[[ DATA BELOW open ]]

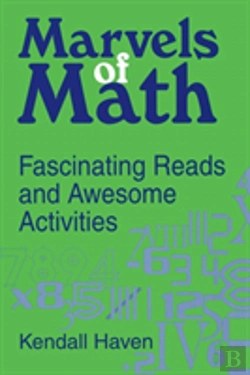 Bertrand.pt - Marvels Of Math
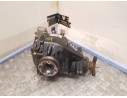 Recambio de diferencial trasero para bmw serie 3 berlina (e90) 318d referencia OEM IAM 759885501 33107566170 RELACIÓN: 3.07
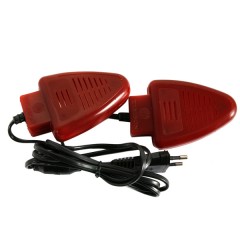 Сушка для обуви «Timson» - Фото 2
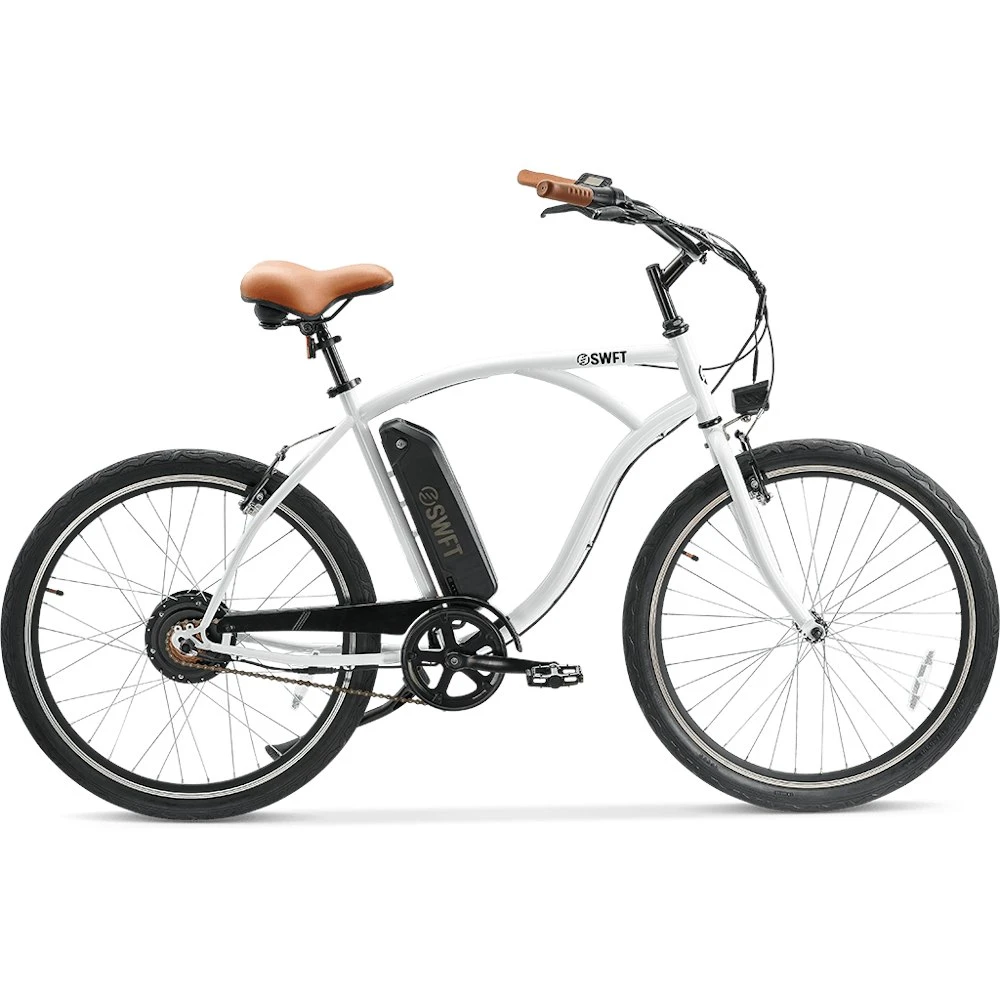 SWFT Fleet - Image 9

[[ DATA BELOW closed ]]

» WORK INSTRUCTION
Give back exactly the lines from the line with "Recambio de diferencial" through the end of the material above, and omit every picture.

» RESPONSE
 Recambio de diferencial trasero para bmw serie 3 berlina (e90) 318d referencia OEM IAM 759885501 33107566170 RELACIÓN: 3.07
 Сушка для обуви «Timson» - Фото 2
 SWFT Fleet - Image 9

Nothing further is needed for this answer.